Il terzo, conclusivo, è quello nel quale P. L. Travers, già parzialmente cambiata, assiste alla première del film per vedere con occhi nuovi il personaggio di Mr. Banks, diventato “altro” da quello del libro, e forse, proprio per questo, capace di risoluzione. Il padre, per quanto fallito, alcolizzato, prematuramente scomparso, è pur sempre il padre, amato e fondante, di quella bambina. Riconciliarsi con la sua figura, ri-accoglierla al proprio interno e sentirla compresa da un’altra persona (il terapeuta esperto di immaginario, fuor di metafora) è il primo passo necessario per ritrovare dentro di sé ciò che deve essere salvato per poter, finalmente, sciogliere il nodo interiore e ritrovare pian piano nuove modalità di affrontare la vita, rimanendo se stessi, eppure scoprendosi profondamente trasformati.

Il film disneyano è tutt’altro che perfetto agli occhi della protagonista. La scrittrice ha, alla fine, accettato di scendere a compromessi, affidando qualcosa di preziosissimo (la propria storia, la propria vita) a qualcun altro, lasciandosi accompagnare così, seppur in modo imperfetto, nel percorso atto a rendere visibile e condivisibile un mondo immaginario personale rappresentativo di sé. In modo simile un utente che affronta un percorso arteterapeutico dovrebbe sentirsi accompagnato, con rispetto, delicatezza e, insieme, risolutezza, verso l’espressione portata a compimento di quanto necessario per sciogliere i propri nodi interiori e salvare, così, il proprio “Mr. Banks”.

Marta de Rino


Un anno fuori dai margini

Vedere un bambino all’opera in atelier è un’esperienza unica. Ogni bambino ha il suo modo di procedere, di orientarsi nel materiale, di scegliere cosa usare. Qualcuno arriva con mille idee e, piano piano, “fa ordine” e le realizza tutte…. Qualcuno arriva con un progetto e, con calma e precisione, lo concretizza, arricchendolo di particolari…. Qualcuno sembra non avere in mente niente, ma si lascia conquistare e guidare dal materiale a disposizione.

Ogni volta è una sorpresa stupefacente.

Ma questo, forse, non accade ovunque. Forse c’è bisogno di un luogo accogliente, ricco di stimoli variegati, e di adulti preparati ad accompagnare il naturale processo creativo, insito in ogni creatura….ma a volte sopìto, o, nel tempo, omologato.

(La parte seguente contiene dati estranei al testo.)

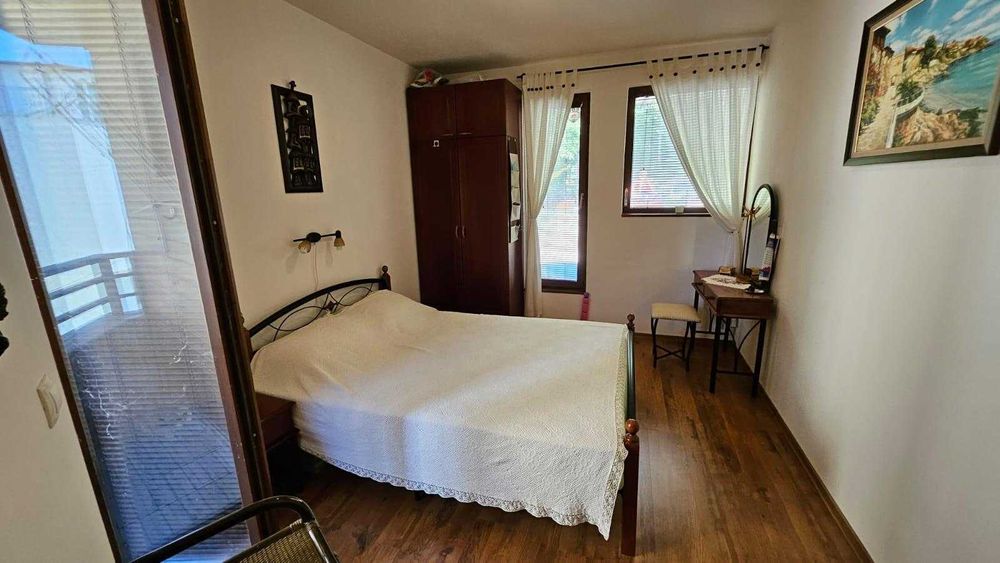 Двустаен в Свети Влас в сграда без такса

Forse c’è bisogno di adulti che creino, intorno al bambino, lo spazio necessario, senza aspettarsi un certo risultato, il raggiungimento di un obiettivo, la realizzazione di un prodotto.

Forse c’è bisogno di adulti che sappiano, loro per primi, uscire dai loro schemi, che percorrono i soliti binari, immaginano le cose “già viste”, presumono di conoscere “tutto”.

Gli orizzonti di un bambino sono molto più vasti dei margini in cui cerchiamo di trattenerli.

In Atelier Cenisio cerchiamo di fare questo.

E essere li, mentre un bambino è all’opera, è davvero uno spettacolo.